El baquiné es una tradición afrocaribeña muy arraigada en Puerto Rico y otras naciones como República Dominicana, Haití y Cuba. Se realiza como una forma de despedir a los niños menores de siete años que fallecen, para simbolizar y celebrar su paso al cielo, en forma de angelitos.

El primero con Rubén Blades, ‘Metiendo mano!’ (1977)

De todos los álbumes de estudio que Colón publicó con Blades, cualquier podría ser elegido en esta selección.

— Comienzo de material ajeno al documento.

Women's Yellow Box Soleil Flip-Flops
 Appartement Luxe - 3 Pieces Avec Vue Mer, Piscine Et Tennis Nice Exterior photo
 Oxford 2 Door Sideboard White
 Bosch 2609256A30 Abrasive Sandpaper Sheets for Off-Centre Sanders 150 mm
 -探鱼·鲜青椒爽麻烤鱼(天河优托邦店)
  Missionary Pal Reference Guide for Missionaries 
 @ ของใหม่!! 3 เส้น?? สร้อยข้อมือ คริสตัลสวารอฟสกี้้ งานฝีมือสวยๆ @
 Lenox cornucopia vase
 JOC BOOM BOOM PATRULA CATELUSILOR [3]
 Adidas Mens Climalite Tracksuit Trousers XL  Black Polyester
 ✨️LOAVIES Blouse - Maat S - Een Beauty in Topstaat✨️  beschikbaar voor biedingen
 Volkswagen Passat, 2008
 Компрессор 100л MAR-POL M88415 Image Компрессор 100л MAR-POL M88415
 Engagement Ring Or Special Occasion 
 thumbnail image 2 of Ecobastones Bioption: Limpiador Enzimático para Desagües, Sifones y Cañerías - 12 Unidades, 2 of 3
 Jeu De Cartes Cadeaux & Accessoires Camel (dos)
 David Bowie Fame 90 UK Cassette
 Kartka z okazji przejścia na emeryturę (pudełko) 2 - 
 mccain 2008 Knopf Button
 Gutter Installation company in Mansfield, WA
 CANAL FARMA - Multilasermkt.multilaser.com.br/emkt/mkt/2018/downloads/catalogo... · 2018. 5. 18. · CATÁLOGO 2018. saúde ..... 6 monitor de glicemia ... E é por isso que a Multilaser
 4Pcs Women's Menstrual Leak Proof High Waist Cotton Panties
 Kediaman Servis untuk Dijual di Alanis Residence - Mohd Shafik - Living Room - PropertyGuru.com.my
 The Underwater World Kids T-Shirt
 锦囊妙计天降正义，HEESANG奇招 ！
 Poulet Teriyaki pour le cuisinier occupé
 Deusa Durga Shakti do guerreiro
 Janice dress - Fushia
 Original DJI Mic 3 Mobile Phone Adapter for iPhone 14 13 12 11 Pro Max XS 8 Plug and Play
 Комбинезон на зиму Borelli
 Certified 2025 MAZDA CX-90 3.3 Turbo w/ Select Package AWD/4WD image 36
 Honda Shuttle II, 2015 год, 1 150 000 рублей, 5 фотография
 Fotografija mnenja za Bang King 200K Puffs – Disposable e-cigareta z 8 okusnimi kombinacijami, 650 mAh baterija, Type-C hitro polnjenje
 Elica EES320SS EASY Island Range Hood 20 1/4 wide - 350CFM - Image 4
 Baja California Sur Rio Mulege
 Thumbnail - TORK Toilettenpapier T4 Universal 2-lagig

Pero esta vez le recomendamos Metiendo mano! por ser el primer disco juntos, después de haber colaborado con el tema El cazanguero en el también genial álbum The Good, The Bad, The Ugly (1975). 

Los dos mayores logros de Metiendo mano! fueron hacer que el público se dé cuenta de que Colón podía sobrevivir sin Lavoe (de quien se había separado por sus excesos) y ayudar a posicionar a Blades como un gran vocalista y compositor, con letras punzantes y muy críticas, dentro de lo que se conoce como salsa consciente, es decir, con líricas de corte social, que narran la siempre compleja realidad latinoamericana.

En solitario, ‘Fantasmas’ (1981)

De su discografía en solitario recomendamos Fantasmas por una sencilla y poderosa razón: la canción Oh, ¿qué será?, original del músico brasileño Chico Buarque, que Colón versiona con una sensibilidad única, evidenciando que aunque no tenía una voz tan dulce o carismática como Lavoe o Blades, podía cantar con emotividad y versatilidad.

Pero este disco es mucho más, por supuesto, con otros grandes títulos como Amor verdaderoVolar a Puerto RicoToma mis manos o Sueño de papelote, de autoría de Eladia Blázquez, quien fue una cantante y compositora argentina de tango. 

El ingeniero de sonido de este álbum fue Jon Fausty, quien trabajó con artistas como Ray Barretto, Johnny Pacheco, La Sonora Ponceña, Roberto Roena, Cheo Feliciano, Hermanos Lebrón, Ismael Miranda, Larry Harlow, Típica 73. A pesar del cambio de década, Willie Colón seguía siendo un referente ineludible.